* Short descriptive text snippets
━━━━

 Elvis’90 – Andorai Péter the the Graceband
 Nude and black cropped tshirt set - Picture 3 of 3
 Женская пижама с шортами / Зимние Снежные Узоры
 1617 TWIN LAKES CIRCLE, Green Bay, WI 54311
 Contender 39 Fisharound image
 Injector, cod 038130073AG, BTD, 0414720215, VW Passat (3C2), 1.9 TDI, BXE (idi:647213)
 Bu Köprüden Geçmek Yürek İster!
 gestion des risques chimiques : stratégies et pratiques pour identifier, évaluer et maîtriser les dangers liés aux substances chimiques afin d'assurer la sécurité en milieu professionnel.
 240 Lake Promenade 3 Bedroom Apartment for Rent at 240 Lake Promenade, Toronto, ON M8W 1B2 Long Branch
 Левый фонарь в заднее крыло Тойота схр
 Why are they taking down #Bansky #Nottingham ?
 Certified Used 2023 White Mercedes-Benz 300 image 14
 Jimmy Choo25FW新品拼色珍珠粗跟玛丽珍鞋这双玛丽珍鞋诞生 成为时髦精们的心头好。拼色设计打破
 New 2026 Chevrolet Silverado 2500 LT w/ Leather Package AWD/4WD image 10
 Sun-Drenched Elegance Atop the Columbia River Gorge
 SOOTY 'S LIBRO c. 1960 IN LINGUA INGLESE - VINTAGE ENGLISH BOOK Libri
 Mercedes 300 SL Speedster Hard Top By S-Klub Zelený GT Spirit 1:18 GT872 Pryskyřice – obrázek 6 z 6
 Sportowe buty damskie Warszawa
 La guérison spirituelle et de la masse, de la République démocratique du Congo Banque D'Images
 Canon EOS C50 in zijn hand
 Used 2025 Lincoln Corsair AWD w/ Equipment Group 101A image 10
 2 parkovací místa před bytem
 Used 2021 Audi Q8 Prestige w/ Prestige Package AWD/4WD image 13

━━━━

Out of the records, collect only those lines that contain the string "Used".

 Certified Used 2023 White Mercedes-Benz 300 image 14
 Used 2025 Lincoln Corsair AWD w/ Equipment Group 101A image 10
 Used 2021 Audi Q8 Prestige w/ Prestige Package AWD/4WD image 13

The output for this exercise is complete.